1OP:142 E load (variable) -> (result)
The value of the variable referred to by the operand
is stored in the result. (Inform doesn't use this; see the notes to
S 14.)
2OP:16 10 loadb array byte-index -> (result)
Stores array->byte-index (i.e., the byte at address
array+byte-index, which must lie in static or dynamic memory).
2OP:15 F loadw array word-index -> (result)
Stores array-->word-index (i.e., the word at address
array+2*word-index, which must lie in static or dynamic memory).
EXT:2 2 5 log_shift number places -> (result)
Does a logical shift of number by the given number of
places, shifting left (i.e. increasing) if places is positive, right
if negative. In a right shift, the sign is zeroed instead of being
shifted on. (See also art_shift.)
EXT:27 1B 6 make_menu number table ?(label)
Controls menus with numbers greater than 2 (i.e., it
doesn't control the three system menus). If the table supplied is 0,
the menu is removed. Otherwise it is a table of tables. Each table is
a ZSCII string: the first item being a menu name, subsequent ones the
entries.
2OP:24 18 mod a b -> (result)
Remainder after signed 16-bit division. Division by zero
should halt the interpreter with a suitable error message.
EXT:23 17 6 mouse_window window
Constrain the mouse arrow to sit inside the given window.
By default it sits in window 1. Setting to -1 takes all restriction away.
(The mouse clicks are not reported if the arrow is outside the window
and interpreters are presumably supposed to hold the arrow there by
hardware means if possible.)
EXT:16 10 6 move_window window y x
Moves the given window to pixels (y,x): (1,1) being
the top left.

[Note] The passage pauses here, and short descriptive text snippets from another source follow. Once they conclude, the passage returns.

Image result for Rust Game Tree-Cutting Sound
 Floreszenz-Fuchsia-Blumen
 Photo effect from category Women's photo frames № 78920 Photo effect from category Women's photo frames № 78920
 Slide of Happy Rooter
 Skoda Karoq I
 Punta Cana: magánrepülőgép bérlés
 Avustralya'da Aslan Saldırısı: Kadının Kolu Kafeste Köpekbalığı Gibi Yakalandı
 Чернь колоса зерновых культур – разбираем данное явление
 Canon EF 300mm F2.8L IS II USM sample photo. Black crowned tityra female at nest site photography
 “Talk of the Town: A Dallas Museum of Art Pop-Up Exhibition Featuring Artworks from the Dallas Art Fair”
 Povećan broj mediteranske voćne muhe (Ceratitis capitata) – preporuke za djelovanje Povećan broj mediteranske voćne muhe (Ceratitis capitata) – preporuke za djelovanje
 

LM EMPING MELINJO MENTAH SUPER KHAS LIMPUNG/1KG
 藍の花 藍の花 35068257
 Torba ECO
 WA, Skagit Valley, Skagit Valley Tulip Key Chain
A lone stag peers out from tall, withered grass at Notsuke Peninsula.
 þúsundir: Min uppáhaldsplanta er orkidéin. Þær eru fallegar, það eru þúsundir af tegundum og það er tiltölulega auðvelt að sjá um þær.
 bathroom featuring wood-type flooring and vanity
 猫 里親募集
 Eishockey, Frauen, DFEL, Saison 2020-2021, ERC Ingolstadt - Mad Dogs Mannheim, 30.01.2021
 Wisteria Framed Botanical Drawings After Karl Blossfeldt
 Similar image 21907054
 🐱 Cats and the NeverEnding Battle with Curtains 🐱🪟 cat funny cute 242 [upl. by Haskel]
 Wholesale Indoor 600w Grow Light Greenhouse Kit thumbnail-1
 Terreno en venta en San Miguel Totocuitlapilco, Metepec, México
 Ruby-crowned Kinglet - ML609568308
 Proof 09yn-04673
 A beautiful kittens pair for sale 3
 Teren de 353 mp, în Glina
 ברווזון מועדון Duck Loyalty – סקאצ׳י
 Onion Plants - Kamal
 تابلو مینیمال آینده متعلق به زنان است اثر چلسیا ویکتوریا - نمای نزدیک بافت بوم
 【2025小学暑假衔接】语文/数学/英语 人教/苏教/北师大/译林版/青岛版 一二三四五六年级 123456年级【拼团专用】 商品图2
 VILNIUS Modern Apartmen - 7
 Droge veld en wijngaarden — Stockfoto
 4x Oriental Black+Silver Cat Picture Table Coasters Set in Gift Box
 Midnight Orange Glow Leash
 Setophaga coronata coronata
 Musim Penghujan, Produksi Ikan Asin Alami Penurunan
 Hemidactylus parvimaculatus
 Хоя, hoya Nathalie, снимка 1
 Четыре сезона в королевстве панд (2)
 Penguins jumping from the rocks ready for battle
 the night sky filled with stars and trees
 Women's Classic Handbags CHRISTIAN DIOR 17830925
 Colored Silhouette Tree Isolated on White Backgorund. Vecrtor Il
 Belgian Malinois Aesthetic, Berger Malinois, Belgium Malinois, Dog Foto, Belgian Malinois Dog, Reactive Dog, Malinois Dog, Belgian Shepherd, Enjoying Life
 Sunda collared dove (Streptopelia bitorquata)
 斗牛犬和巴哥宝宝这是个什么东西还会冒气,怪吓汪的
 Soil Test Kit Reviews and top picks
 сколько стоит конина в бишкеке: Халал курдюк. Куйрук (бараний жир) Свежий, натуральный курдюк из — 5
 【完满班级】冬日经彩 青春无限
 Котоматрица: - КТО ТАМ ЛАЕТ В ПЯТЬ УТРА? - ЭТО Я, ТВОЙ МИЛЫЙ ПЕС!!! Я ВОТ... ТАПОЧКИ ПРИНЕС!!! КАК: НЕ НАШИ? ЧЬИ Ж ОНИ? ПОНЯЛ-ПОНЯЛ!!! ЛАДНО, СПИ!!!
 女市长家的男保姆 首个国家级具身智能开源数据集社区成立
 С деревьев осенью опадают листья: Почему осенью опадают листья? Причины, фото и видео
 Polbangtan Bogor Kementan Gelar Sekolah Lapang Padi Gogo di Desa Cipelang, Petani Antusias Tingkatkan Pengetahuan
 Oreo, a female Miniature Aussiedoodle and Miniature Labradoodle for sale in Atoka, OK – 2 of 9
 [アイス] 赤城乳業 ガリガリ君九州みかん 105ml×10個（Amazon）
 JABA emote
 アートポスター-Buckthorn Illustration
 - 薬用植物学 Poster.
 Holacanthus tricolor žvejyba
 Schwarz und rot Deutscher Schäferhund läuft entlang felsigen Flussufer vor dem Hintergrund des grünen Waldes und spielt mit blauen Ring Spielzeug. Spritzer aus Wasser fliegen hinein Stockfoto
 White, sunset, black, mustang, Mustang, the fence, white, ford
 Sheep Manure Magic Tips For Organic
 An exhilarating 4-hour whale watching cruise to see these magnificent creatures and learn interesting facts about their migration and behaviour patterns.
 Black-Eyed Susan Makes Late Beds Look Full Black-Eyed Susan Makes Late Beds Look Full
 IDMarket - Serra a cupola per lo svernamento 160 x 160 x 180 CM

Nothing actually happens (since windows are entirely
notional transparencies): but any future plotting happens in the new place.
2OP:22 16 mul a b -> (result)
Signed 16-bit multiplication.
0OP:187 B new_line
Print carriage return.
0OP:180 4 1/- nop
Probably the official "no operation" instruction, which,
appropriately, was never operated (in any of the Infocom datafiles):
it may once have been a breakpoint.
1OP:143 F 1/4 not value -> (result)
VAR:248 18 5/6 not value -> (result)
Bitwise NOT (i.e., all 16 bits reversed). Note that in Versions
3 and 4 this is a 1OP instruction, reasonably since it has 1 operand,
but in later Versions it was moved into the extended set
to make room for call_1n.
2OP:8 8 or a b -> (result)
Bitwise OR.
VAR:243 13 3 output_stream number
5 output_stream number table
6 output_stream number table width
If stream is 0, nothing happens. If it is
positive, then that stream is selected; if negative, deselected.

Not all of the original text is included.